• DATASET CONTENT:
:::

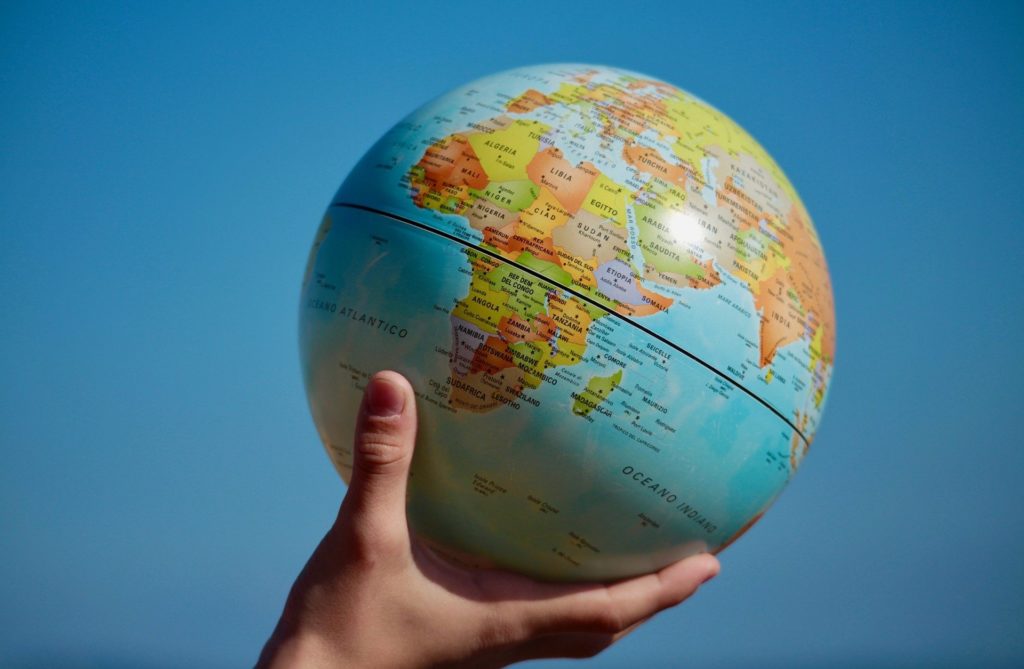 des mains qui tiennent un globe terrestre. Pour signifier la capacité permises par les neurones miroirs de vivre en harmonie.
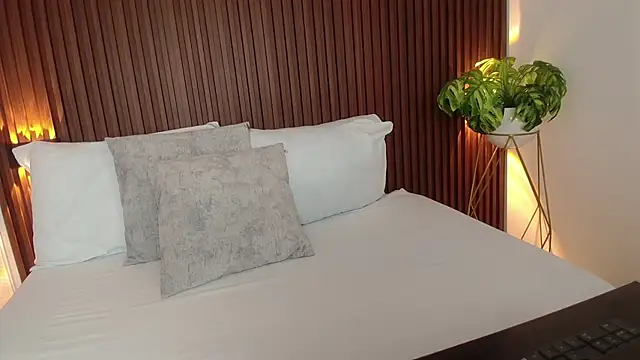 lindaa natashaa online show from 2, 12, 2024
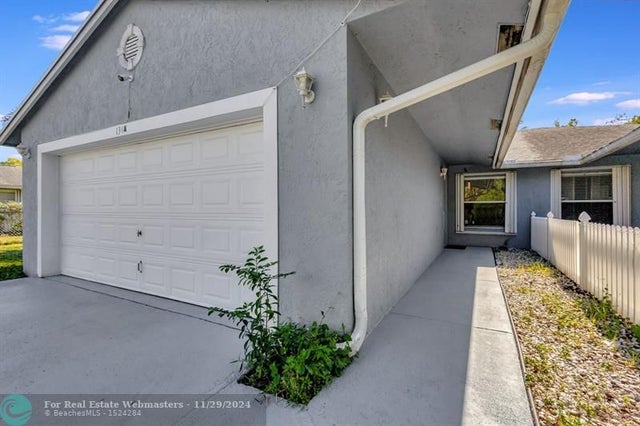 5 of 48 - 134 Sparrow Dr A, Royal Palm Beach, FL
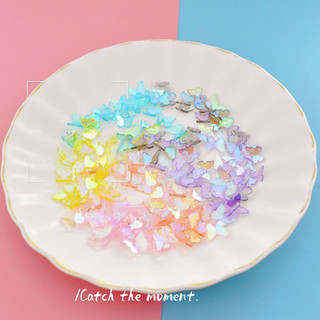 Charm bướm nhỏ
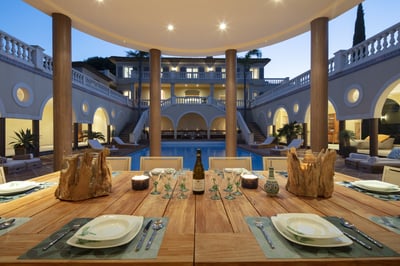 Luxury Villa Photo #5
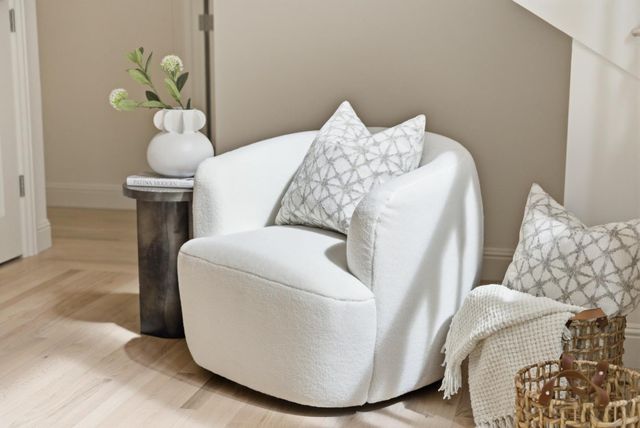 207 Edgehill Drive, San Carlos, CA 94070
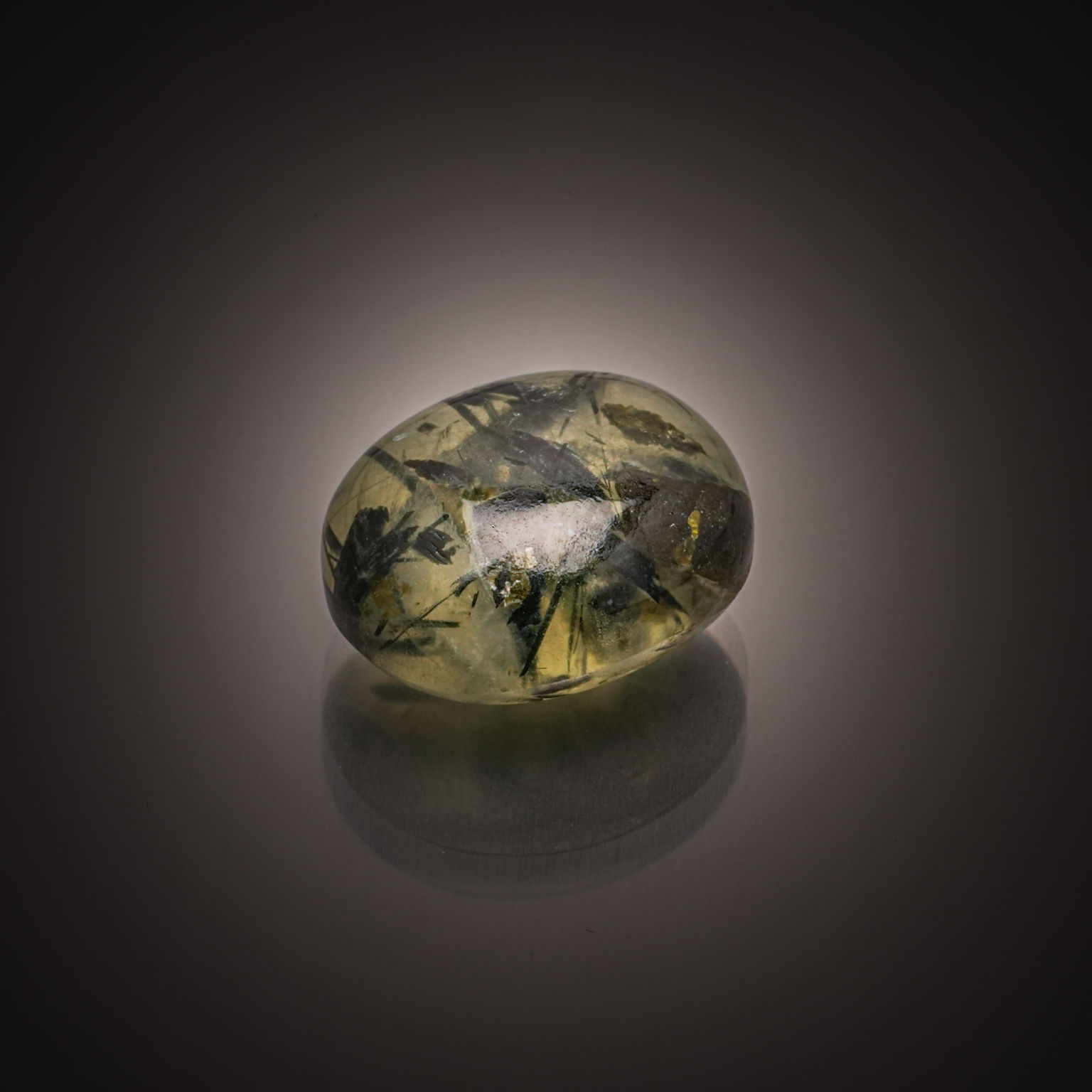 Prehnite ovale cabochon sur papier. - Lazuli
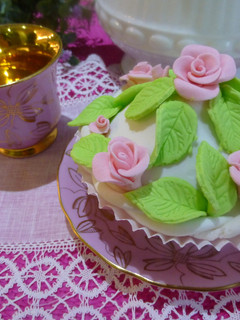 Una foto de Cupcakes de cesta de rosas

:::

The answer should consist of every line above, exact and free of images.

• EXERCISE SOLUTION:
 des mains qui tiennent un globe terrestre. Pour signifier la capacité permises par les neurones miroirs de vivre en harmonie.
 lindaa natashaa online show from 2, 12, 2024
 5 of 48 - 134 Sparrow Dr A, Royal Palm Beach, FL
 Charm bướm nhỏ
 Luxury Villa Photo #5
 207 Edgehill Drive, San Carlos, CA 94070
 Prehnite ovale cabochon sur papier. - Lazuli
 Una foto de Cupcakes de cesta de rosas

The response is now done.